Молчанов в эту сказку не поверил и, как показала последующая реабилитация Лурье- Эмеля – правильно не поверил.
«Вызываются люди к Молчанову, Молчанов ведет себя совершенно потрясающе похабно, он к работникам обращается: «Слушайте, что вы здесь несете? Как вам не стыдно? Ну, разве это может быть?» И он ставит так вопрос: «Я вам приказываю, чтобы ни один протокол, прежде чем вы мне не дадите его на согласование, чтобы ни один протокол не был дан на подпись обвиняемому».
… я пошел к Агранову и сказал: «Тов. Агранов, делаются совершенно возмутительные вещи: мой аппарат НКВД, который работает неплохо и который дает новые нити подхода к троцкистскому центру, его травят и травят бессовестным образом, травят унизительно». Я говорю: «Вступитесь за это дело, иначе я этому Молчанову морду набью» (Смех, шум в зале.)».

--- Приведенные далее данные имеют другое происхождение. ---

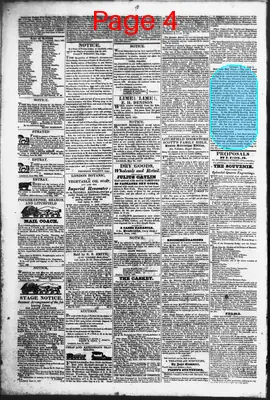 Page thumbnail for The Litchfield County Post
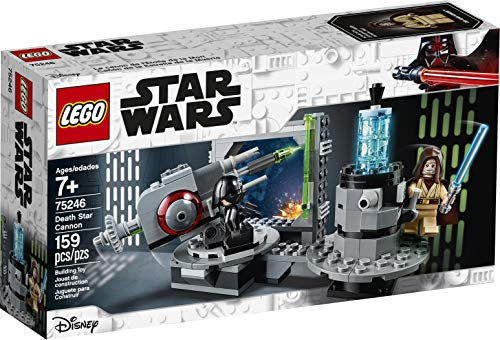 LEGO Cañón de la Estrella de la Muerte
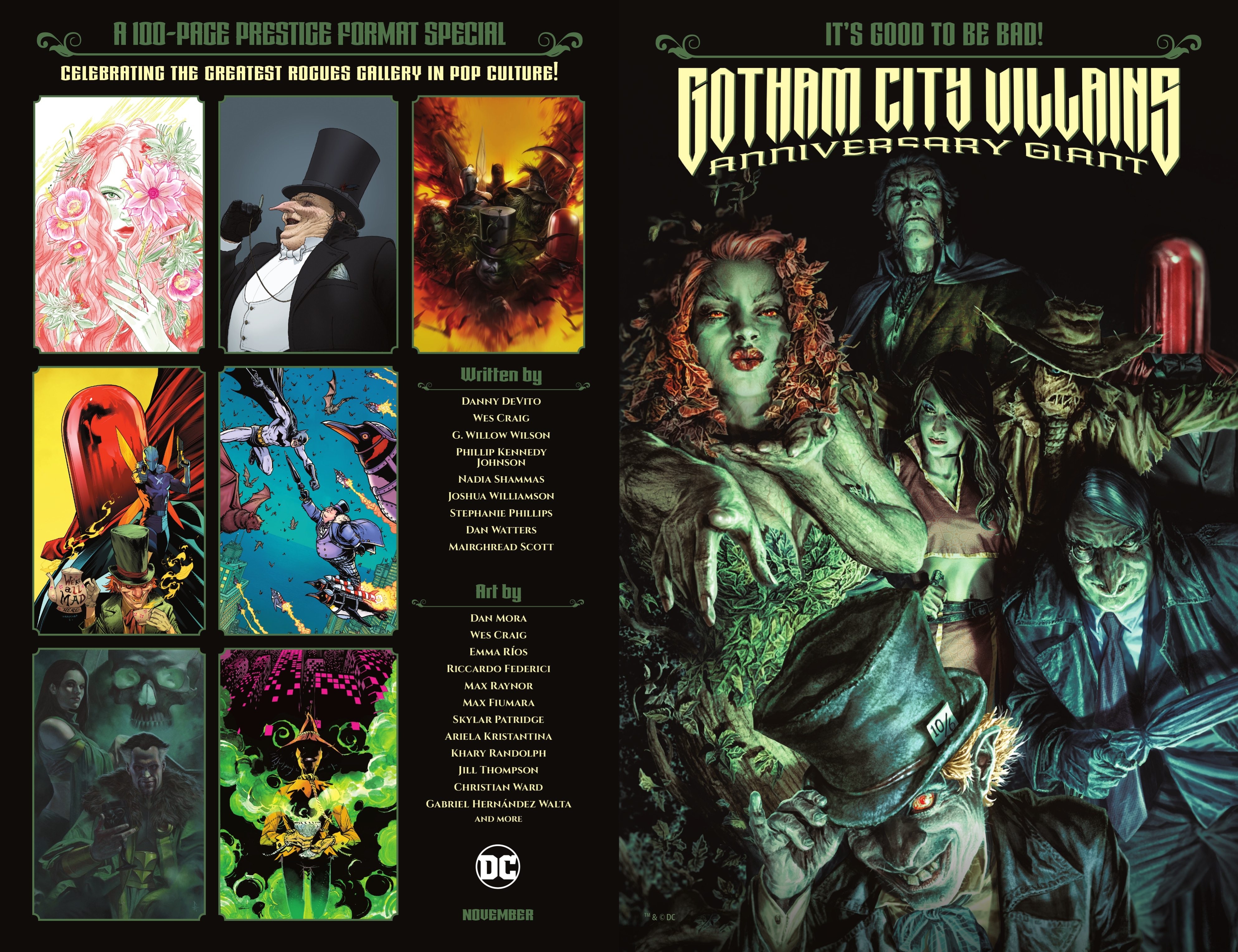 Read DC vs. Vampires (2021-) Manga Online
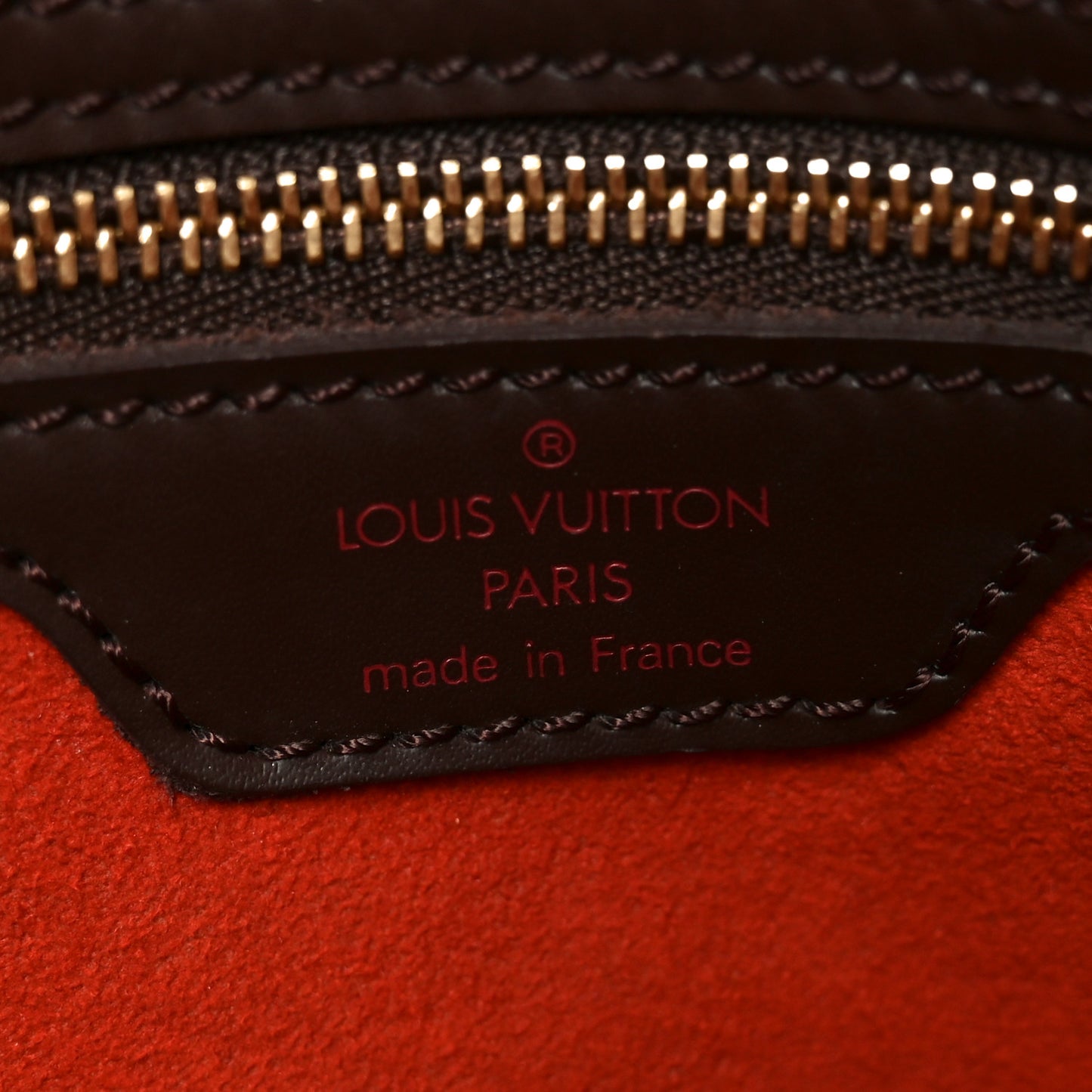 Damier Ebene Uzes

В 1938 году свояк Сталина - Реденс был признан виновным в шпионаже в пользу польской разведки, а также в том, что он являлся участником заговорщической организации в системе НКВД, и по её заданию проводил враждебную работу, направленную на избиение партийно-советских кадров, проводил массовые необоснованные аресты советских граждан, многие из которых были расстреляны.

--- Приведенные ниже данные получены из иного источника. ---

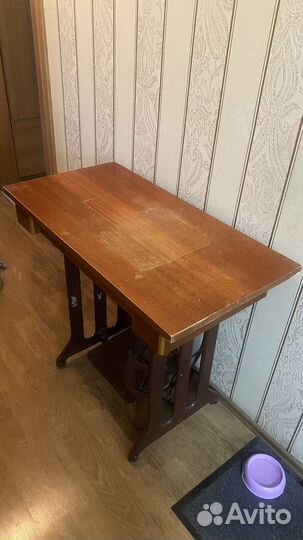 Швейная машина Veritas ножная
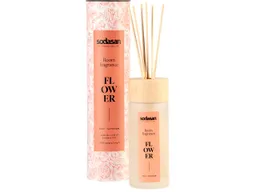 Sodasan Sodasan Raumduft "FLOWER" mit Rose und Geranium, 200 ml – Produktbild 1 von 1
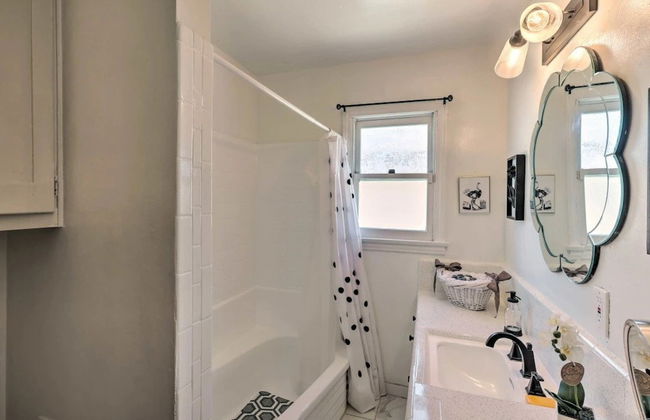 Bakersfield City Home w Patio and Garden - Photo 18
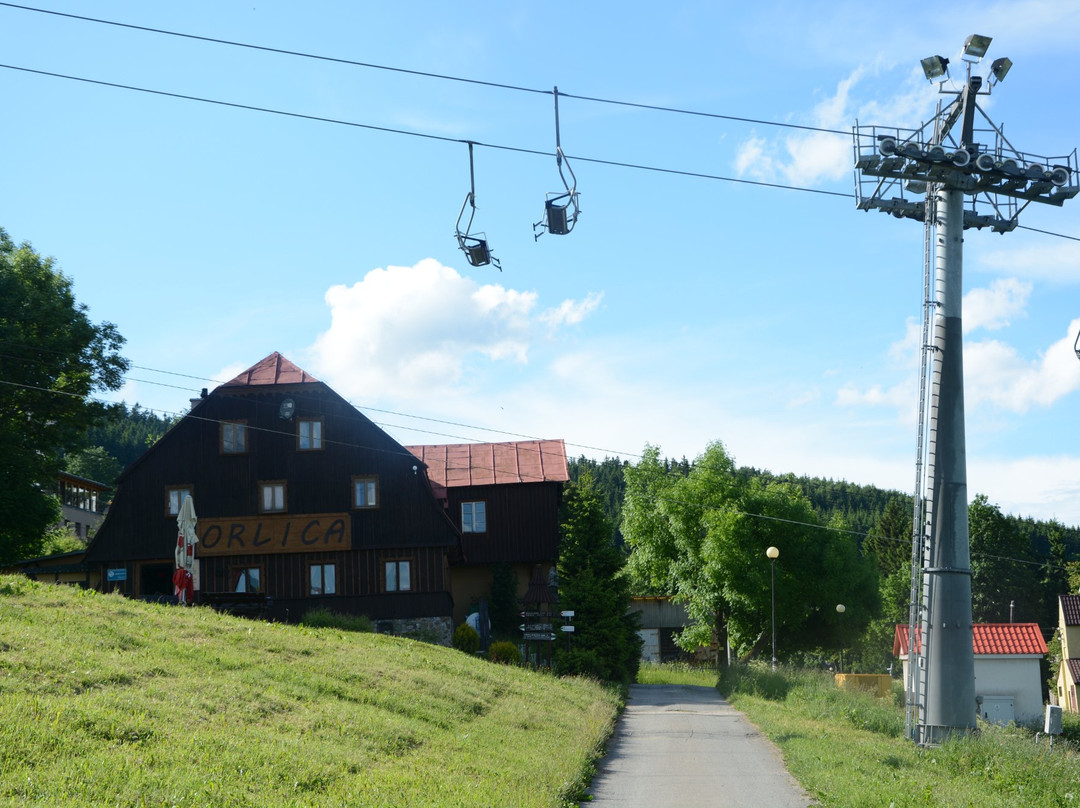 Schronisko Orlica - Mountain Base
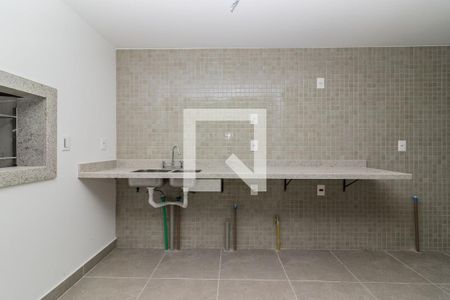 Apartamento à venda com 92m², 2 quartos e 2 vagasCozinha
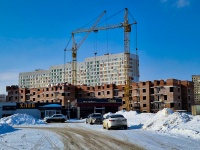 Тольятти, улица 40 лет Победы, дом 43Л. многоквартирный дом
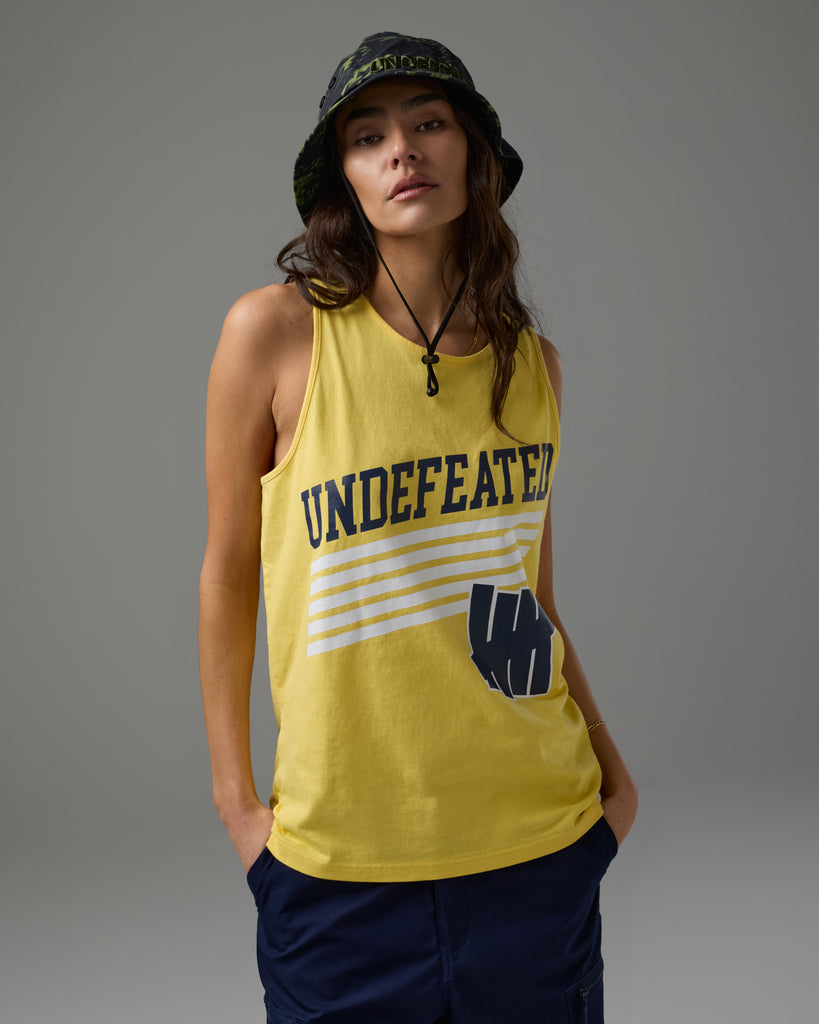 UNDEFEATED ICONIC TANK TOP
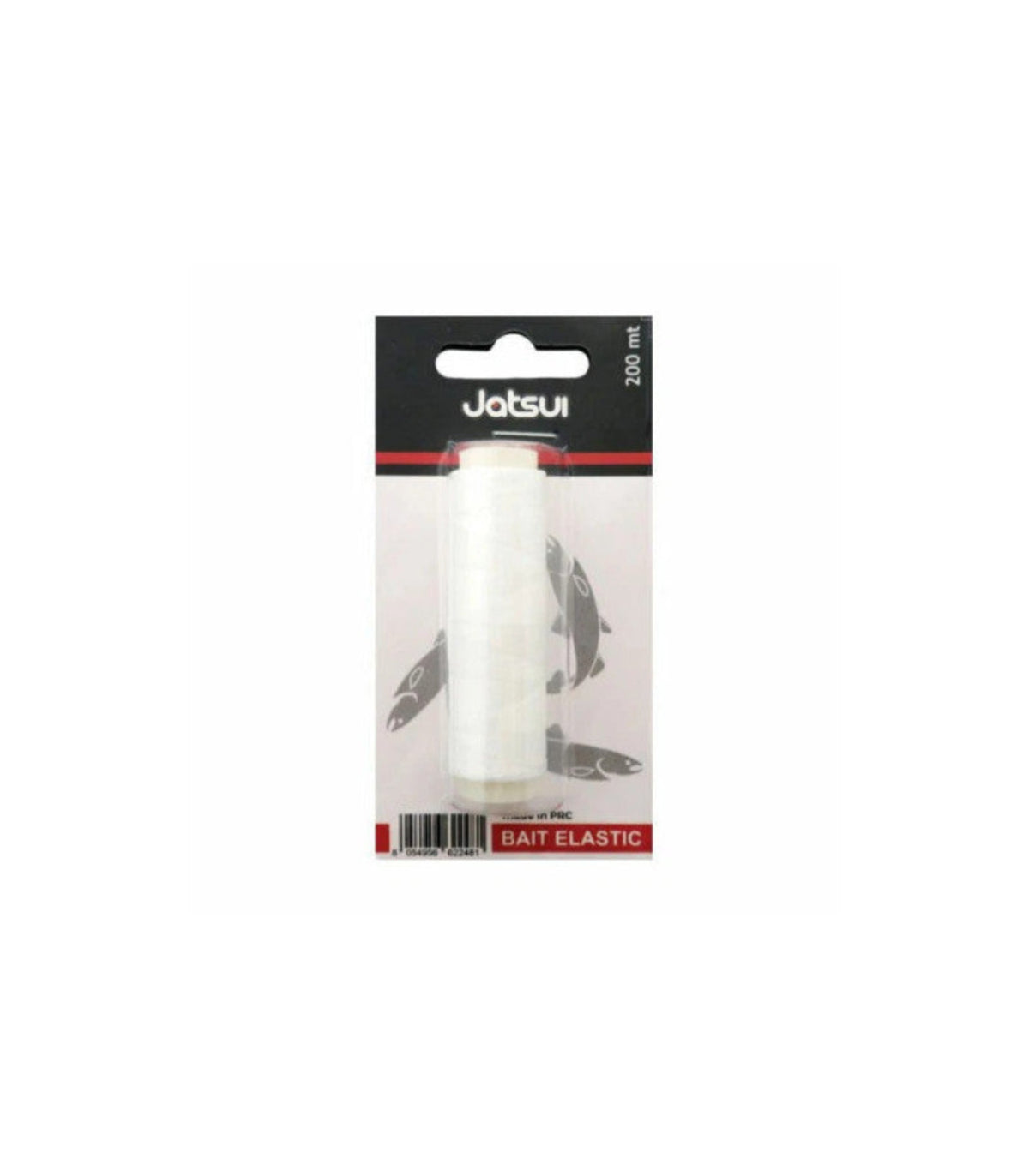 JATSUI Filo Elastico 100MT 0.25MM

На пленуме выступил Евдокимов, который, кроме прочего, вошел в историю страны тем, что дважды ходатайствовал перед Сталиным об аресте Шолохова.

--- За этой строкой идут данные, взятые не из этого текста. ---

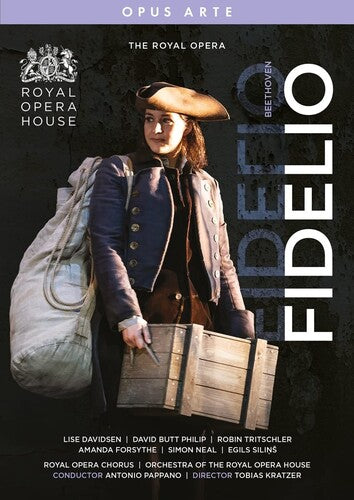 Beethoven - Fidelio - DVD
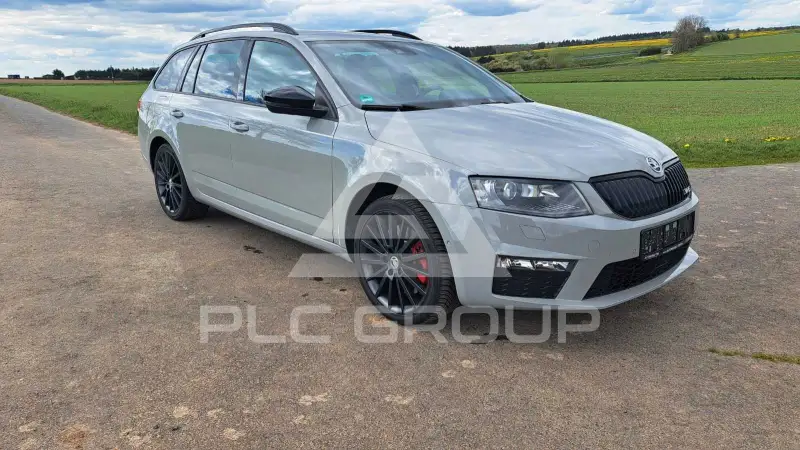 2015 Skoda Octavia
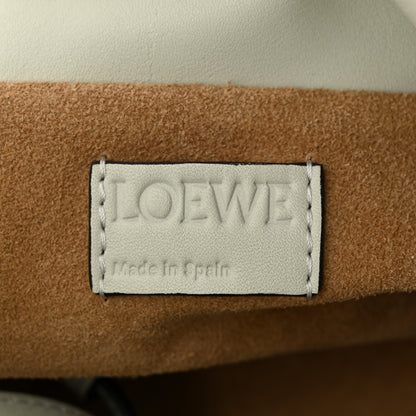Loewe Calfskin Mini Flamenco Knot Clutch Light Celadon 5 of 9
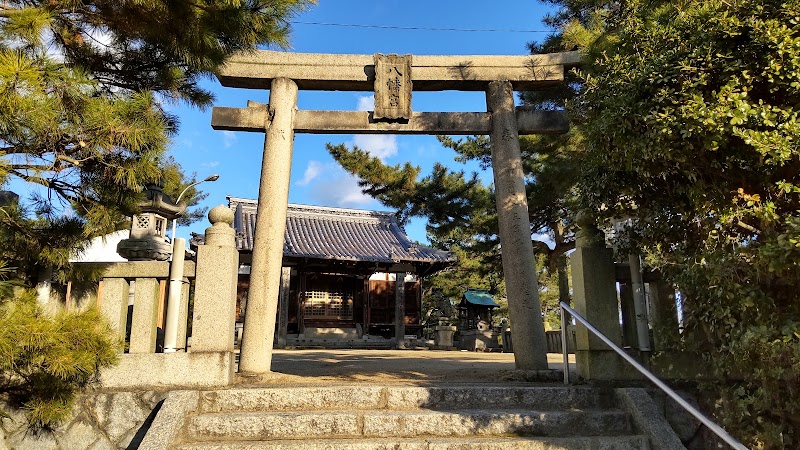 瀬居八幡神社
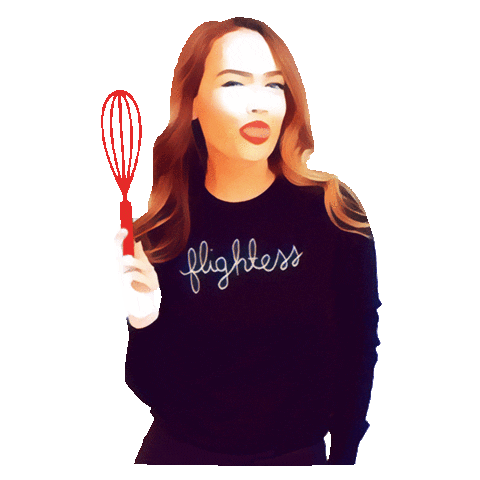 flightess Sticker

Ежов в своей кадровой политике сделал ставку на чекистские кадры Евдокимова в период его работы на Северном Кавказе. Это именно его выдвиженцы "крутили яйца" Молчанову и другим коллегам – Ягодовцам.
Евдокимов, выступая с трибуны пленума – как в воду глядел.
«Я думаю, что дело не кончится одним Молчановым».
Не закончилось. Евдокимова вместе с Ежовым и Фриновским Сталин и Берия назначили главными организаторами «антисоветской заговорщической террористической организации в НКВД СССР».
В деле Евдокимова имеется его заявление, в котором он пишет:
«Предъявленное мне следствием обвинение в измене Родине я признать не могу. Родине я никогда не изменял, ни в каких контрреволюционных или антисоветских организациях или группах не состоял. Наоборот, за время пребывания в рядах партии и на работе в органах ВЧК — ОГПУ, я вел решительную борьбу со всеми проявлениями контрреволюционной и антисоветской деятельности».
А в своем последнем слове на суде Евдокимов заявил:
«Я скоро умру, но я хочу сказать суду, что и при новом руководстве (имеется в виду Берия) аппарат НКВД СССР работает так же, как работал и при Ежове, а отсюда получаются к[онтр]р[еволюционные] организации, представителем которых сделан я и другие. Об этом я убедительно прошу донести Сталину. Я не был сволочью, но стал таковым на предварительном следствии, так как не выдержал и начал лгать, а лгать начал потому, что меня сильно били по пяткам».